Discuss the business’s cash position. It’s been frustrating over the past few years as we’ve watched startup companies under the guidance of universities, incubators and even investors embrace the idea that the only way they could grow was to take on debt. Some of business owners may find themselves in an over-leveraged position, but that can also be an opportunity for them to engage their workforce and tell them the truth about the situation. Those who do find themselves in trouble may find it helpful to ask their associates for ideas about how they can contribute to cutting costs — and increasing cash flow to the point of actually covering debt obligations. It’s amazing what can happen when business leaders teach their people the rules of the game.
Protect jobs. Attracting talent and retaining it can be tough. We don’t have a future without people. In the not-too-distant past, executives sometimes became idols when downsizing jobs became the new mantra, laying off people at a time they needed those jobs the most. Something similar could happen today. Difficult times can convince companies to resort to layoffs to survive. But it is wise to think differently. Whoever has the most talented workforce will dominate their markets as soon as 2021. The time to get one’s organization ready for the next upturn is today — not when it’s already arrived. By then, it may be too late.
Get ready for the upturn. As bad and as uncertain as things look today, here’s a secret: It’s actually harder to get a company ready to take advantage of an upturn than it is to prepare for a downturn.
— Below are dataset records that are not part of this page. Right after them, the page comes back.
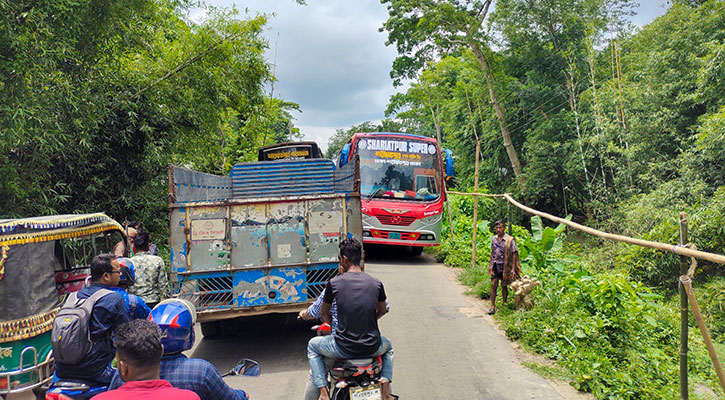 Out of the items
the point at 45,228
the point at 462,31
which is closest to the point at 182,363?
the point at 45,228

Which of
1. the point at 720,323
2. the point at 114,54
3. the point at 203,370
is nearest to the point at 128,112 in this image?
the point at 114,54

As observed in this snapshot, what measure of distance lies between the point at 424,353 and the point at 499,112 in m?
16.5

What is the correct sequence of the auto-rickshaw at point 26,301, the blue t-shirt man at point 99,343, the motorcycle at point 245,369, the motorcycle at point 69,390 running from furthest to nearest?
the auto-rickshaw at point 26,301, the blue t-shirt man at point 99,343, the motorcycle at point 69,390, the motorcycle at point 245,369

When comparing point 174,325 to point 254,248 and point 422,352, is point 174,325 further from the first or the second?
point 422,352

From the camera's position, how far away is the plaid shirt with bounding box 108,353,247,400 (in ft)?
7.36

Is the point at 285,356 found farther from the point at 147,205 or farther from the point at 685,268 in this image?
the point at 147,205

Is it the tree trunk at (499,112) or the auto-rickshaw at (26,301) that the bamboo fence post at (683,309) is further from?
the tree trunk at (499,112)

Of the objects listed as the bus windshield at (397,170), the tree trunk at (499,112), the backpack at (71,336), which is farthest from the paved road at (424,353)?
the tree trunk at (499,112)

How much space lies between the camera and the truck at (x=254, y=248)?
534cm

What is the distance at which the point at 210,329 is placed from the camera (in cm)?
629

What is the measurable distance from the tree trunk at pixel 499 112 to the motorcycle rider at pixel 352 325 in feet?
58.5

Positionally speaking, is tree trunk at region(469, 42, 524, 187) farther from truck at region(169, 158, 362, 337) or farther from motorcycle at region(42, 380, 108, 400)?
motorcycle at region(42, 380, 108, 400)

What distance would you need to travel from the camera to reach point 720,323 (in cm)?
833

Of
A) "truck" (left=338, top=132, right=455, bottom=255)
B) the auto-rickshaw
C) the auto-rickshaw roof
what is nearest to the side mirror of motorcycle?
the auto-rickshaw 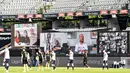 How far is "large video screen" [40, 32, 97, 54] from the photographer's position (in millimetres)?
55344

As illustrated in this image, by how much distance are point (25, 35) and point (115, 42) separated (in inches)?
529

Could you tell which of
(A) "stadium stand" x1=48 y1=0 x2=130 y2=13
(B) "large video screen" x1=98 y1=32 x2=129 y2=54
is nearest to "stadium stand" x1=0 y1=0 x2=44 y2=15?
(A) "stadium stand" x1=48 y1=0 x2=130 y2=13

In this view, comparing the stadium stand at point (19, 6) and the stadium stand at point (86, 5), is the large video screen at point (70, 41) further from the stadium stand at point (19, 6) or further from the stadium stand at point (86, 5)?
the stadium stand at point (19, 6)

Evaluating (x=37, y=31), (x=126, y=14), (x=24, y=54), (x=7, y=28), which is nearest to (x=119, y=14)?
(x=126, y=14)

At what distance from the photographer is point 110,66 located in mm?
53219

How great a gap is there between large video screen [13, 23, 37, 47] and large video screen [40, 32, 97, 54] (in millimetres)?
1767

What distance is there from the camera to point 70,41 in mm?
56656

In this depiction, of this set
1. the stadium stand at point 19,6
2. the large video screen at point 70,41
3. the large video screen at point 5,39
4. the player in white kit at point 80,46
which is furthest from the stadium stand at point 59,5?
the player in white kit at point 80,46

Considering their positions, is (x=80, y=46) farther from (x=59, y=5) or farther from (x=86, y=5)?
(x=59, y=5)

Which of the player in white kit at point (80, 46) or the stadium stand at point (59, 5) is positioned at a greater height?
the stadium stand at point (59, 5)

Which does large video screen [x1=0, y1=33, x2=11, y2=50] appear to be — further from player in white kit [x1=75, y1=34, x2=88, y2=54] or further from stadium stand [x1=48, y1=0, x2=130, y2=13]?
player in white kit [x1=75, y1=34, x2=88, y2=54]

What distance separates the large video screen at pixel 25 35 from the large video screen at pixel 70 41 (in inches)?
69.6

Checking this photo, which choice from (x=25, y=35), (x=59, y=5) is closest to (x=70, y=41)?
(x=25, y=35)

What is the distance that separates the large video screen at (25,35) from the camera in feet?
196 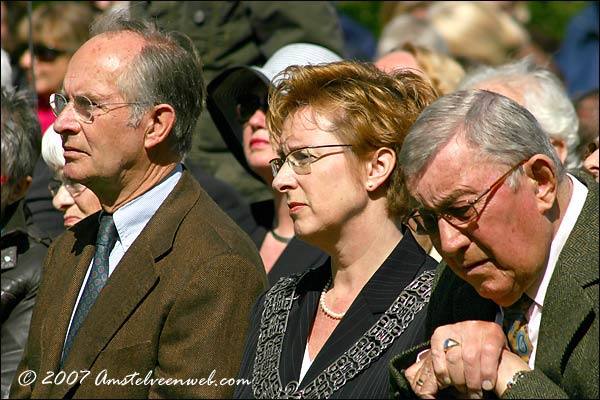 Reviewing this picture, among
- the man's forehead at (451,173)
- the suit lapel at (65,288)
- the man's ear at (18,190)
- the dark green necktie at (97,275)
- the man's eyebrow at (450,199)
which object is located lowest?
the man's ear at (18,190)

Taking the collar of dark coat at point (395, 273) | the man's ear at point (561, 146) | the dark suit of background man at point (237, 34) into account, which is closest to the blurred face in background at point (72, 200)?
the dark suit of background man at point (237, 34)

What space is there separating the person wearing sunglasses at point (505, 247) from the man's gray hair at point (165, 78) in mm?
1344

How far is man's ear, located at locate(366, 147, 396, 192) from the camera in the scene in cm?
396

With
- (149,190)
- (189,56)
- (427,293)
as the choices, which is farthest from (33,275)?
(427,293)

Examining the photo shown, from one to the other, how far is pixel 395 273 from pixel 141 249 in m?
1.00

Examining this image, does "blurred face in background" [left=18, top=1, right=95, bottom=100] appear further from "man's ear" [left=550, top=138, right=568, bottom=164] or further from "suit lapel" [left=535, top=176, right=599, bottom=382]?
"suit lapel" [left=535, top=176, right=599, bottom=382]

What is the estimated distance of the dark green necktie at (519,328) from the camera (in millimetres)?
3284

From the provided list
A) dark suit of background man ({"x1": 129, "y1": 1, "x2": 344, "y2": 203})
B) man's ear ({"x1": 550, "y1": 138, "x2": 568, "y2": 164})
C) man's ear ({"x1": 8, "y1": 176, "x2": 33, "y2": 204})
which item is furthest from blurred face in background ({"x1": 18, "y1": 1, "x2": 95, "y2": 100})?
man's ear ({"x1": 550, "y1": 138, "x2": 568, "y2": 164})

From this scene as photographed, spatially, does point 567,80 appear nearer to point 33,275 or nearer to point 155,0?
point 155,0

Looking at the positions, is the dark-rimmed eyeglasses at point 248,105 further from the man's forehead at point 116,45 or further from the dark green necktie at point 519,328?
the dark green necktie at point 519,328

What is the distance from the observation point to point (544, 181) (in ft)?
10.6

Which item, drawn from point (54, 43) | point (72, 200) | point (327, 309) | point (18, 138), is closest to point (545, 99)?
point (327, 309)

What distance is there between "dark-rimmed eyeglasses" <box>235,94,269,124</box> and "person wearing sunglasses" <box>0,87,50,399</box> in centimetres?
107

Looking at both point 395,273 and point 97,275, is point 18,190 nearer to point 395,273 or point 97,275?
point 97,275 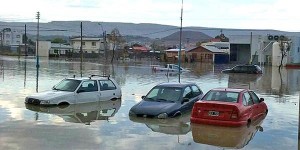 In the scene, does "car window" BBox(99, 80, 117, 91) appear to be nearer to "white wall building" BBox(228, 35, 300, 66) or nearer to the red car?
the red car

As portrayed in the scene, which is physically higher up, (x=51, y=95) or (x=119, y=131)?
(x=51, y=95)

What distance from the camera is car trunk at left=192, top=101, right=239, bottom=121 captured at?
14695 mm

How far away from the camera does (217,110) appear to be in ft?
48.7

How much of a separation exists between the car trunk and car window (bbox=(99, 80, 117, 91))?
7.09 m

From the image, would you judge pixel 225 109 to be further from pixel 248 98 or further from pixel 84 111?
pixel 84 111

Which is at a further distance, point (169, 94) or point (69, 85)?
point (69, 85)

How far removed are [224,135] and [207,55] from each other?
8930 centimetres

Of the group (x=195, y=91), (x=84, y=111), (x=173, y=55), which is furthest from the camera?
(x=173, y=55)

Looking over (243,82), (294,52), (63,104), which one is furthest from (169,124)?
(294,52)

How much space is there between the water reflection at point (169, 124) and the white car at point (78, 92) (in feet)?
12.2

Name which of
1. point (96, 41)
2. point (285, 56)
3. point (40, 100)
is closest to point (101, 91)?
point (40, 100)

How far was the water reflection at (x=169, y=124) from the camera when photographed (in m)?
14.3

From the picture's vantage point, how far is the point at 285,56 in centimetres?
8062

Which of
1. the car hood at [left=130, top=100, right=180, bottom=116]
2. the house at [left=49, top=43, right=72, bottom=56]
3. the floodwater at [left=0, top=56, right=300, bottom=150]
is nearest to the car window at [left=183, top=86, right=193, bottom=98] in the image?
the car hood at [left=130, top=100, right=180, bottom=116] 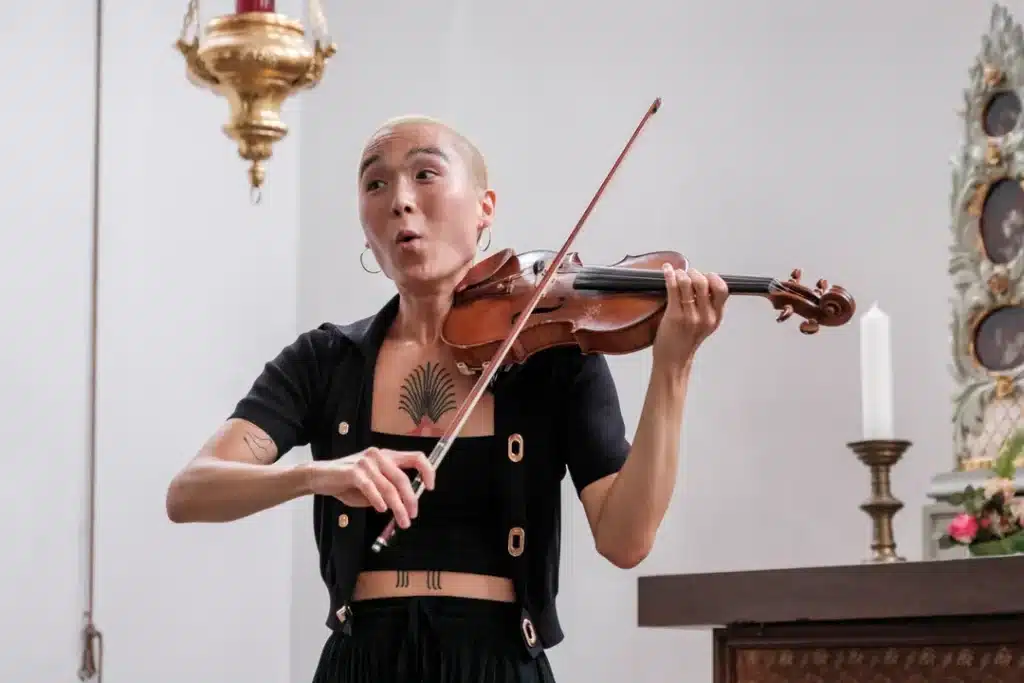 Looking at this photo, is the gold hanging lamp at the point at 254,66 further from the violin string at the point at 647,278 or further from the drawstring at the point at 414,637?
the drawstring at the point at 414,637

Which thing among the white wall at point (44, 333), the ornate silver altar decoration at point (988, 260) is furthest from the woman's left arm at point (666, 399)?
the white wall at point (44, 333)

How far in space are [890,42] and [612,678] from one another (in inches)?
46.8

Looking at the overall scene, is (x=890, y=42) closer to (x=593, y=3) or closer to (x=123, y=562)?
(x=593, y=3)

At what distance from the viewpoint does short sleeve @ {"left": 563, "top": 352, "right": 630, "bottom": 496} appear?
1.56 m

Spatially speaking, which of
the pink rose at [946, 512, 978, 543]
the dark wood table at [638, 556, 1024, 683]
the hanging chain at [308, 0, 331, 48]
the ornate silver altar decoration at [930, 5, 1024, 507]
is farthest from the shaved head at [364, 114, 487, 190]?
the ornate silver altar decoration at [930, 5, 1024, 507]

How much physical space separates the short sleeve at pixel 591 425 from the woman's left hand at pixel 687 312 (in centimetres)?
11

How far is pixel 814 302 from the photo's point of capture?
1.52 meters

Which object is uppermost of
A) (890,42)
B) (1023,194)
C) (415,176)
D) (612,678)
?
(890,42)

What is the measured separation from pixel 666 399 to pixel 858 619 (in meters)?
0.85

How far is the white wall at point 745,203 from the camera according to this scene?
2785 millimetres

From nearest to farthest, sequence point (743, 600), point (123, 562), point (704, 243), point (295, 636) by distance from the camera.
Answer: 1. point (743, 600)
2. point (704, 243)
3. point (123, 562)
4. point (295, 636)

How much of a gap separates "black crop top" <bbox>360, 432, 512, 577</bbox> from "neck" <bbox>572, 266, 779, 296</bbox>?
17cm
Downturns can actually be opportunities to fix things inside a business that it couldn’t afford the time and resources to invest in when the economy is booming. While it might seem counterintuitive, the current down market comes as a kind of short-term relief.
It’s giving us a chance to catch up — to make investments in our people and facilities — and to prepare ourselves to capitalize on the economic uptick that we expect to hit in late 2020, early 2021. By then, our workforce should be more stable and productive — and ready to take full advantage of the available opportunities. They have every incentive to do so, because, as owners of the business, they have a true stake in the outcome.
We know how painful things are today. But there’s no reason business leaders can’t also dare to be successful. And learning how to build a culture based on transparency, financial discipline, trust and respect for people, and a forward-focused outlook, is a great place to start removing the fear that’s pervading many a workplace.
Rich Armstrong is the president of The Great Game of Business Inc., and co-author, with Steve Baker, of GET IN THE GAME: How To Create Rapid Financial Results And Lasting Cultural Change. This book is the how-to application of Jack Stack’s 1992 bestseller, The Great Game of Business. Armstrong and Baker co-authored the update of Stack’s book in The Great Game of Business – 20th Anniversary Edition. Armstrong has nearly 30 years of experience in improving business performance and employee engagement through the practice of open-book management and employee ownership.
Steve Baker is the vice president of The Great Game of Business Inc., and is a top-rated, sought-after speaker and coach on the subjects of open-book management, strategy, execution, leadership and employee engagement. Baker is a career marketing and branding professional and an award-winning artist.